== Work required ==
Within the data that follows, set down exactly the lines from the one containing "Floorplan area for" through the one containing "Czwarte zdjęcie samochodu", both ends included.

== Exercise data ==

—————

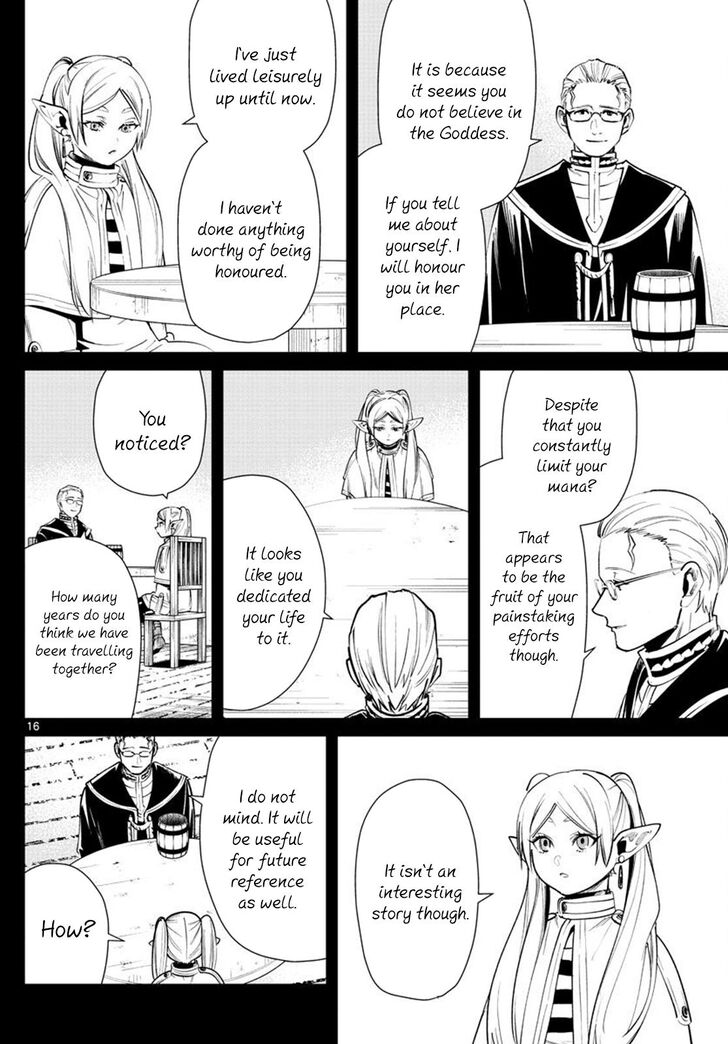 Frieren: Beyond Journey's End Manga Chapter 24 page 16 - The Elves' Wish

—————

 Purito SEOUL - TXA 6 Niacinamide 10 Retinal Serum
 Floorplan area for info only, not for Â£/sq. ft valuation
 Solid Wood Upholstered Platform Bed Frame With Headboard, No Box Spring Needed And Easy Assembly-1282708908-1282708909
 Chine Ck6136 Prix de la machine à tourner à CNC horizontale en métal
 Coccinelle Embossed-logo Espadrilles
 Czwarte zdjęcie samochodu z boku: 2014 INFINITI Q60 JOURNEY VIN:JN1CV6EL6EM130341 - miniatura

—————

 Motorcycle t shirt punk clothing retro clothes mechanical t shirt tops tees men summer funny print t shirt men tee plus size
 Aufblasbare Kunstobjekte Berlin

—————

== Output below ==
 Floorplan area for info only, not for Â£/sq. ft valuation
 Solid Wood Upholstered Platform Bed Frame With Headboard, No Box Spring Needed And Easy Assembly-1282708908-1282708909
 Chine Ck6136 Prix de la machine à tourner à CNC horizontale en métal
 Coccinelle Embossed-logo Espadrilles
 Czwarte zdjęcie samochodu z boku: 2014 INFINITI Q60 JOURNEY VIN:JN1CV6EL6EM130341 - miniatura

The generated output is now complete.